Bild: Auf den Umgang mit Menschen in psychischen Ausnahmesituationen sind Poliz…
Duisburg, 7. Januar. Berlin, 31. Januar. Herten, 19. Februar. Gortz, 13.
April. Herne, 16. April. Essen, 27. April. Emmendingen, 4. Mai. Sieben
Menschen haben Polizisten in Deutschland seit Jahresbeginn erschossen.
Sieben Einzelfälle – mit auffälligen Gemeinsamkeiten: Bei sechs Toten gibt
es Hinweise auf eine psychische Erkrankung, ebenfalls sechs waren mit einem
Messer bewaffnet. Außer bei einem SEK-Einsatz waren die Schützen normale
Streifenpolizisten.
Niemals in den vergangenen 27 Jahren gab es zu diesem Zeitpunkt des Jahres
so viele Polizeitote. Damit setzt sich ein Trend fort, der sich neuerdings
andeutete.

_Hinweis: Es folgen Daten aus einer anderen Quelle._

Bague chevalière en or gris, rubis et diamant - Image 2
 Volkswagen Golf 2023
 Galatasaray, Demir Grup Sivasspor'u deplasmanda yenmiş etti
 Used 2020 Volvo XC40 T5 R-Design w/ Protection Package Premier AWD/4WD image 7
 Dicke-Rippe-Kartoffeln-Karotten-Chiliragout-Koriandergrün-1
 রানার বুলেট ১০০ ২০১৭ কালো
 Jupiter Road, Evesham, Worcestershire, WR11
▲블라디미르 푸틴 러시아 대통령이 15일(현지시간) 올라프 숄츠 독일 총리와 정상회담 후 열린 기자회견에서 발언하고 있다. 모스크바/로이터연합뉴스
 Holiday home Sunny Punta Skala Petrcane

Die Zahl der bei Einsätzen erschossenen BürgerInnen steigt. Dem
Ausmaß tödlicher Polizeischüsse in Deutschland ist die taz in einem
Rechercheprojekt nachgegangen. Das Ergebnis: Seit 1990 wurden mindestens
269 Menschen von Polizisten erschossen; durchschnittlich ein Toter alle
fünfeinhalb Wochen.
Sämtliche Fälle wurden [1][hier] zusammengetragen und ausgewertet. Dadurch
wird eine Problematik offengelegt, die es hierzulande kaum ins öffentliche
Bewusstsein schafft. Tote durch Polizeischüsse werden eher als
US-amerikanisches Problem betrachtet, nicht als deutsches.
Die Daten zeigen: Nur fünf der Opfer waren Frauen. Nur eine Minderheit der
Erschossenen hatte selbst eine Schusswaffe, am häufigsten war die
Bewaffnung mit Messern. Verbrechen wie Einbrüche, Überfälle oder
Geiselnahmen gehen einem tödlichen Schusswaffeneinsatz nur selten voraus,
dagegen sterben viele bei Einsätzen in ihrem privaten Umfeld. Und immer
öfter trifft es dabei Menschen mit psychischen Erkrankungen. Mehr als die
Hälfte der Opfer der vergangenen Jahre fällt in diese Kategorie.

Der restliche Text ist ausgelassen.